Pour certains observateurs, le triomphalisme est difficile : 2017 a débuté avec la tuerie de six musulmans dans une mosquée et encore des Autochtones, des femmes et des minorités sexuelles sont quotidiennement victimes de violence.

Denis Perreaux se souvient d’une caricature sur le 100e de la Confédération en 1967. « C’était la GRC, tout était en rouge et blanc, très ordonné. Tandis qu’en 2017, c’est le chaos total. On a pu acheter une bouteille de Gibson’s (Whiskey) avec le Canada 150 écrit dessus. Mais en termes de discours, il n’y a pas de fil narratif universel. »

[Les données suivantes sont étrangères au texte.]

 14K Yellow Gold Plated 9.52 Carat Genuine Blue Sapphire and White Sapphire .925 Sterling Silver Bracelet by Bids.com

Le directeur général de la Société historique francophone de l’Alberta s’en réjouit. Il note que plusieurs populations normalement sans voix ont trouvé l’occasion de s’exprimer.
« C’est une année où la discussion sur la décolonisation a vraiment pris une ampleur. Je suis content de voir que l’idée d’un Canada né en 1867 est tombée sur des oreilles sourdes. On a compris que ce n’était pas cohérent. »

Le résidant de Saint-Albert œuvre dans les coulisses du patrimoine albertain et partout, dit-il, la question de la réconciliation a fait surface, notamment lors d’une rencontre provinciale de l’Association canadienne-française de l’Alberta pour réfléchir sur son centenaire. « J’étais très curieux de voir comment on allait aborder la discussion. Environ un tiers de la conversation a tourné autour de comment intégrer la réconciliation. »

Entre francophones et Autochtones, liés par l’histoire

Selon Denis Perreaux, la réconciliation avec les Autochtones est importante parce qu’elle peut être liée à l’histoire des francophones par un dénominateur commun : les oblats. La communauté religieuse a non seulement fondé la communauté francophone albertaine, mais aussi les pensionnats autochtones. « La discussion est différente au Manitoba à cause des liens entre les Métis et les francophones. En Alberta, on est loin l’un de l’autre. Si on célèbre nos fondateurs, on ne peut pas le faire en niant le rôle des oblats dans les écoles résidentielles. »

La réconciliation est également au cœur de la réflexion de la Métisse Aimée Craft, une avocate spécialisée en droit autochtone. « Le 150e nous permet de réfléchir sur un passé riche et contesté. C’est une opportunité pour reconnaître nos torts et de choisir de faire mieux. » L’année 2017 a été pour elle un grand défi, suivant son départ de l’Université du Manitoba où elle était directrice de recherche au Centre national pour la vérité et la réconciliation (CVR).

L’avocate a occupé un poste semblable pour l’Enquête nationale sur les femmes et les filles autochtones disparues et assassinées (ENFFADA) avant de démissionner à l’automne. Mais elle ne revient pas sur ce chapitre. « On est au bord d’un précipice, lance Aimée Craft, il faut un changement. Il est primordial de donner effet à la réconciliation comme définie par la Commission : établir et maintenir des relations respectueuses. Ça veut dire travailler de nation à nation avec les peuples autochtones, répondre aux appels à l’action de la Commission, incluant l’adoption d’une nouvelle proclamation royale. »
Aimée Craft souhaitait que 2017 soit l’occasion de nommer une juge autochtone à la Cour suprême « pour reconnaître les fondements juridiques et politiques qui ont permis au Canada de prendre naissance. Le 150e me fait penser au chemin qu’il reste à faire. »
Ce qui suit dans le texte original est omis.